Римляне, люди чрезвычайно последовательные, вели отсчет времени ab urbe condita — от основания Города. Именно этот Город, призванный на вечное существование, стал первой мощной моделью европейского мегаполиса. Разумеется, были и Афины (а до них — города Ближнего Востока), на которые римляне то и дело оглядывались, но при всей значимости Афин греческий полис был все же прелюдией к европейским социально-политическим и экономическим структурам. И столицей Восточной Римской империи стали не Афины, а Константинополь — второй Рим.
Создание и поддержание временной оси города требует определенных средств. Римское слово monumentum значит собственно то же, что наш “памятник”: “напоминание”, “напоминатель”. Памятник надгробный, памятник воинский, памятник политический. Но и просто память, воспоминание о чем-либо или о ком-либо. На этих смысловых тонах играл Гораций, когда писал свое exegi monumentum “Я поздвиг памятник…”. В этом стихотворении зафиксировано рождение понятия монумента как способа создания временной оси: памятник для того и создается, чтобы прорезать innumerabilis annorum series “бесчисленных лет череду” (годы уже становятся исчислимыми, потому что откладываются на заложенной временной оси), выскочить из бесконечого круга fuga temporum “бегущих времен”. Изначально монумент не только и не столько сооружение, сколько отметина, зарубка, разлом. В аморфном потоке появляется опорная точка, скрепа, вонзаемая во временную субстанцию, “напоминатель”, позволяющий распрямить круговорот бесконечного повторения и остановить убегающее, ускользающее время.
Крепежный элемент должен быть надежным и прочным. Монумент должет быть видным и основательным. Его временная вескость не могла стать непосредственно ощутимой и потому трансформировалась в видимую высоту и ощутимую тяжесть, массивность. Массивность была особенно важна, потому что обеспечивала временную ось. Первые монумент — могильные камни — делались массивными, чтобы их не унесли. Впрочем, для большей надежности надгробие сопровождалось надписью: “А кто этот камень тронет, будет проклят”. Массивность, тяжесть представляет собой необходимую принадлежность классического европейского монумента. Гёте в стихотворении “Китаец в Риме” описывает реакцию человека иной культуры на монументальное измерение Вечного города:
Einen Chinesen sah ich in Rom; die gesamten Gebäude
Alter und neuerer Zeit schienen ihm lästig und schwer
Независимо от того, действительно ли Гёте посчастливилось наблюдать в Риме столь занимательную сцену, или он ее выдумал, описанная реакция (“все постройки древних и новых времен казались ему тягостными и тяжелыми”) точно характеризует непременную принадлежность привычной нам монументальности, в словосочетании lästig und schwer оба предиката производны от понятия тяжести. Monumentarius у римлян еще значило просто “относящийся к памятнику, надгробию, похоронный”; общеевропейское прилагательное monumental уже приобретает черты, отсылающие к особой роли критической массы монумента в сохранении временной оси города.

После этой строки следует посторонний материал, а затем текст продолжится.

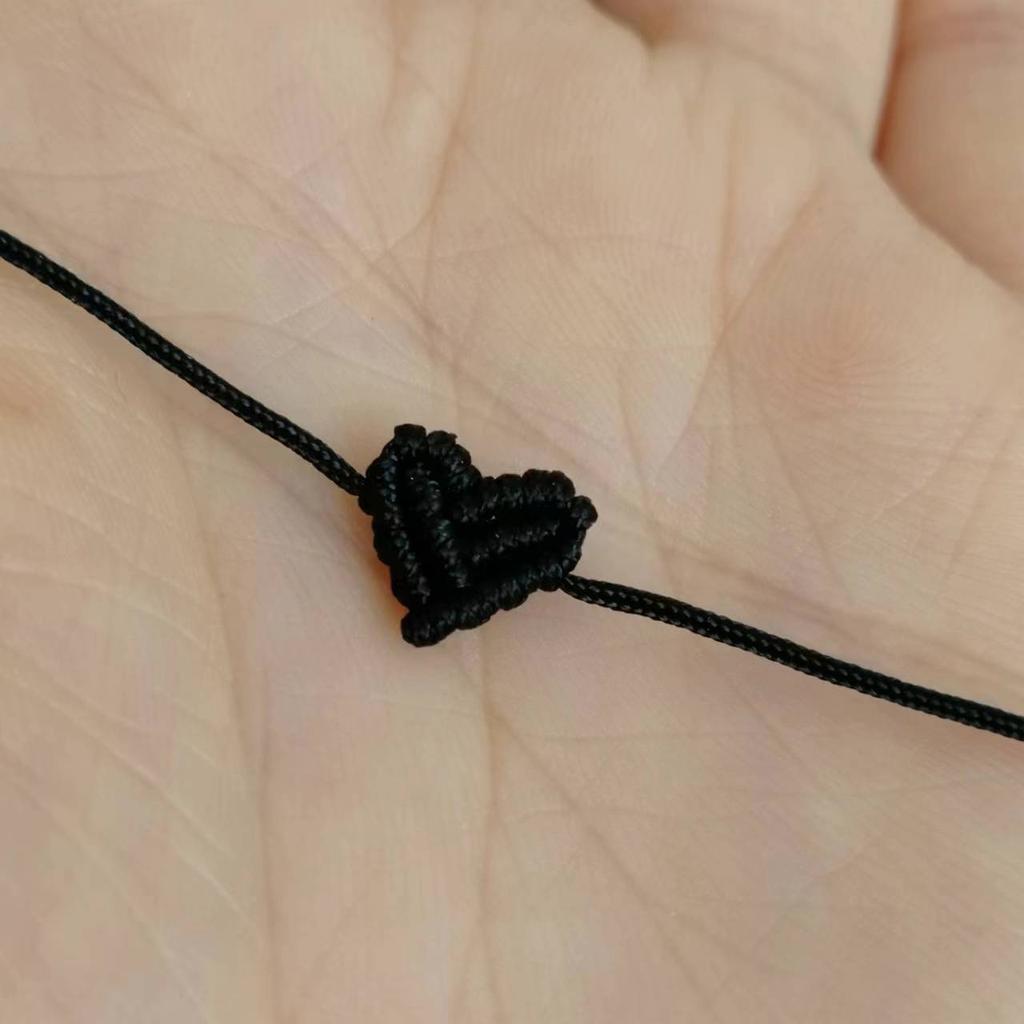 Handarbeit Handgestrickt Pfirsich Herzförmig Glücksbringend Rotes Seil Armband Verstellbar Damen Beste Freundin Anhänger Einfach Herren Paar Liebende Geschenk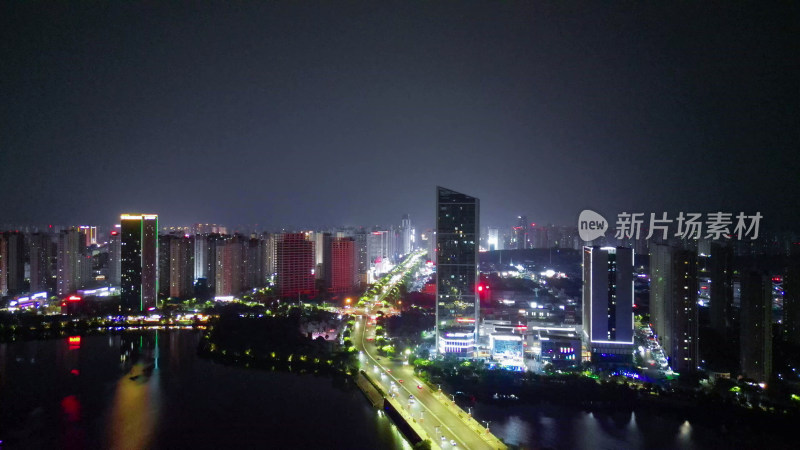 航拍安徽蚌埠大景蚌埠夜景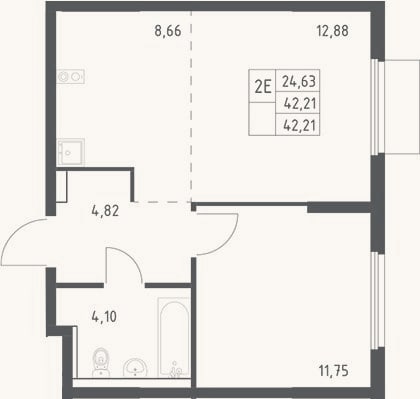 Планировка: 2-к, 42,2 м²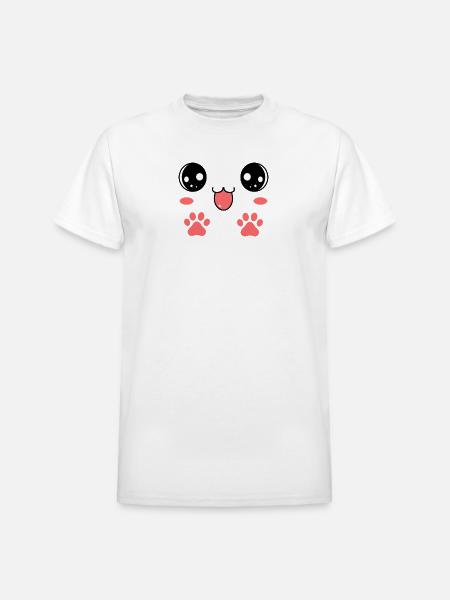 Sweet Smiling Cat Face Paw - Heavyweight Unisex T-Shirt by Gildan - white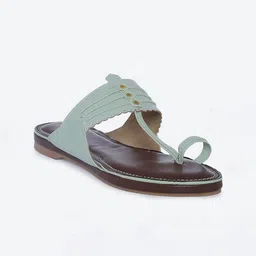 Biba Women Sea Green Colourblocked One Toe Flats with Bows-image-40
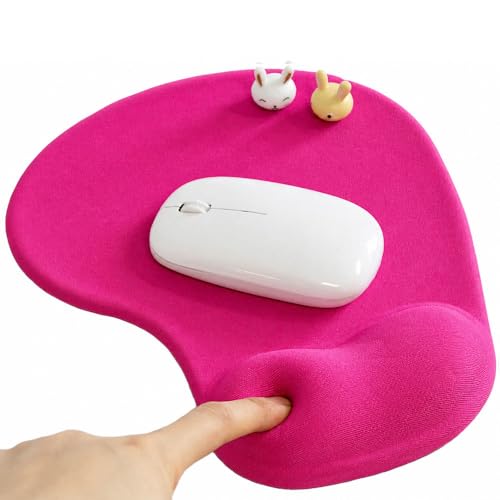 Office Mousepad with Gel Wrist Support - Ergonomic Gaming Desktop Mouse Pad Wrist Rest - Design Gamepad Mat Rubber Base for Laptop Computer -Silicone Non-Slip Special-Textured Surface (06RoseRed) - color: 06RoseRed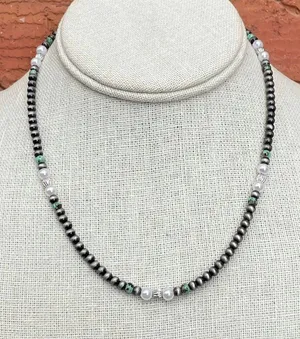 Navajo Style Pearl Necklace with Green, Brown & White thumbnail 1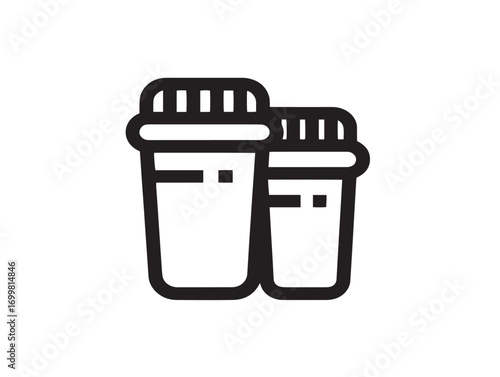 Clean medical sterile container illustration in flat vector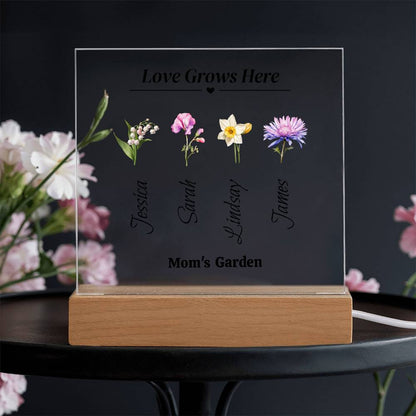 Love Grows Here - Garden Color Flower Acrylic Plaque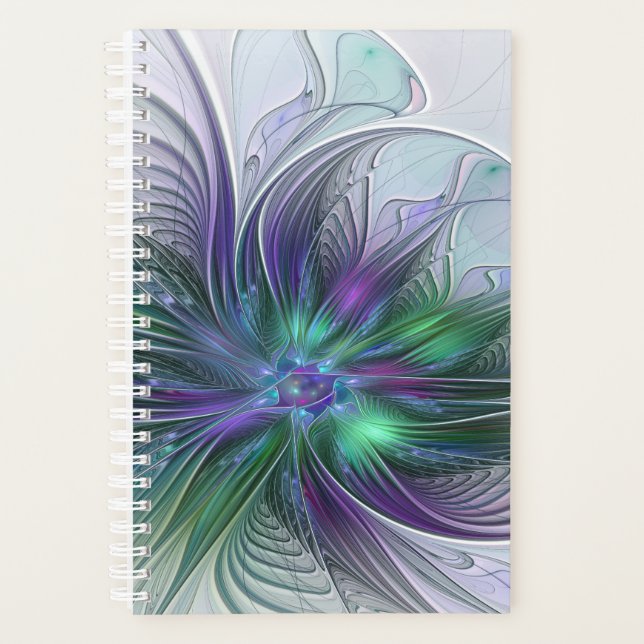Purple Green Flower Modern Abstract Art Fractal Planner (Front)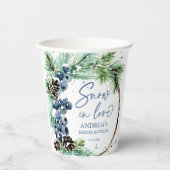 Sneeuw in liefde winter vrijgezellenfeest dennenkr papieren bekers (Voorkant)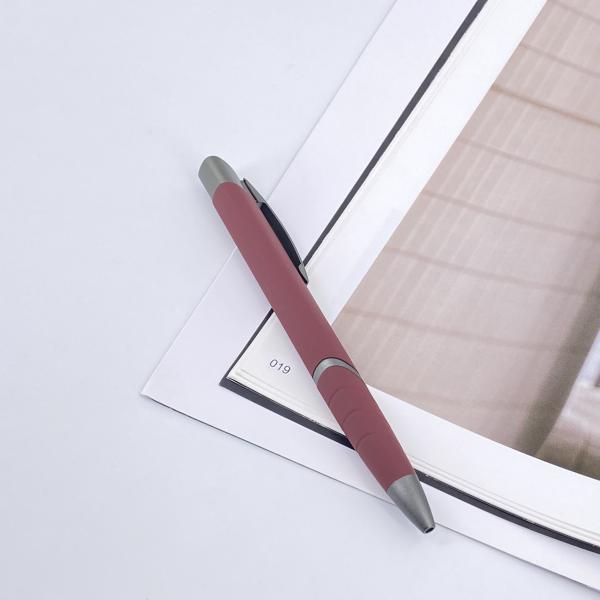 School Stationery Triangle Plastic Ball Pen Soft Coating Matt Ballpoint Pen With Logo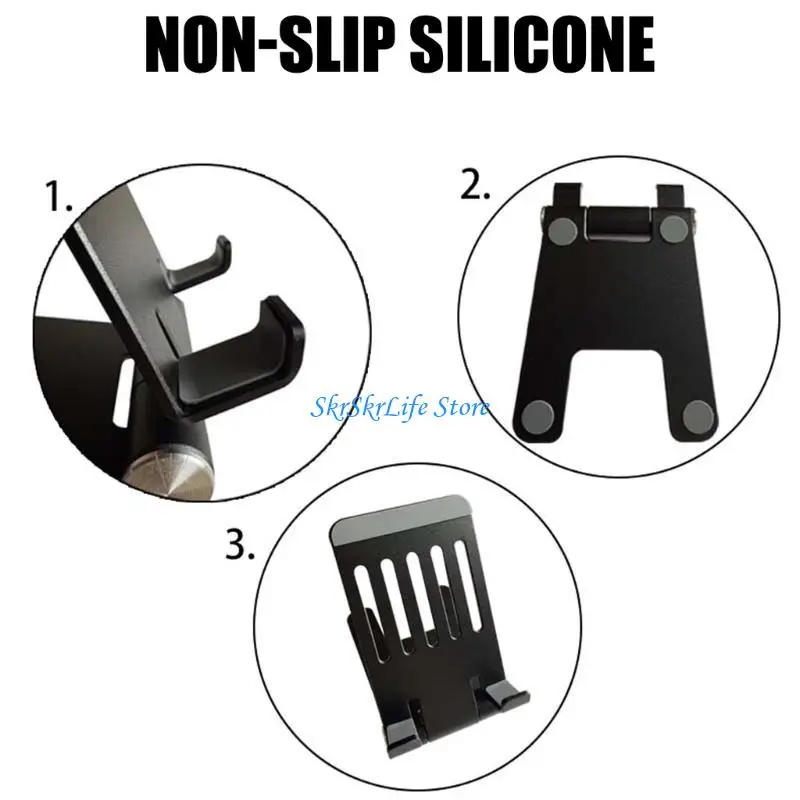 E65E Universal Anti Slip Aluminum Alloy Construction Stand Holder For Mobile Device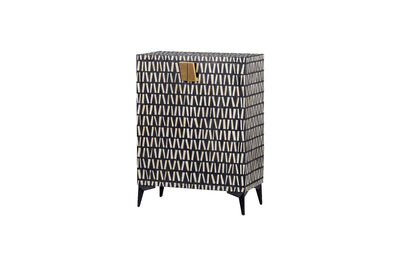 Meuble de rangement H108 cm manguier noir et blanc Menne
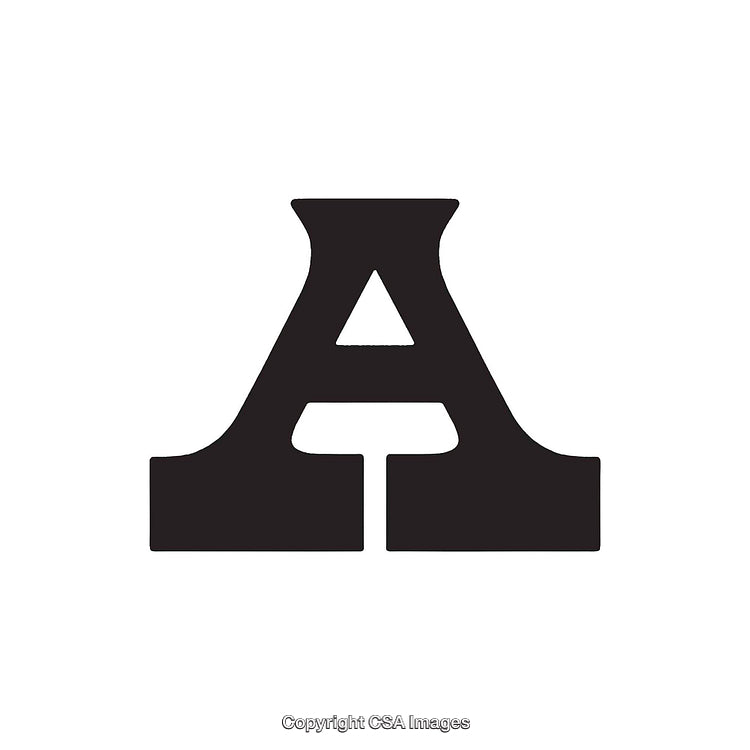 Bold Artistic Display of the Letter 'A' in Black Design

Первоначально монументы не были обязательной приметой города: семь чудес света, как и другие монументальные достижения, часто не были ни привязаны к городу, ни включены в него (как, например, египетские пирамиды). Развитие европейского города последовательно вело к тому, что монумент втягивался в городскую среду как его непременная составляющая. Это происходило отчасти и просто за счет разбухания города: находившееся прежде за его пределами постепенно оказывалось в городской черте. Но происходило и сознательное втягивание монумента в городскую структуру, его укоренение в ней. Именно так развивалось новоевропейское искусство создания площадей: монумент становится непременной принадлежностью мегаполиса, его отличительной чертой. Так складывается изобразительная и словесная панорама новоеропейского города: дворцы, храмы, монументы, улицы.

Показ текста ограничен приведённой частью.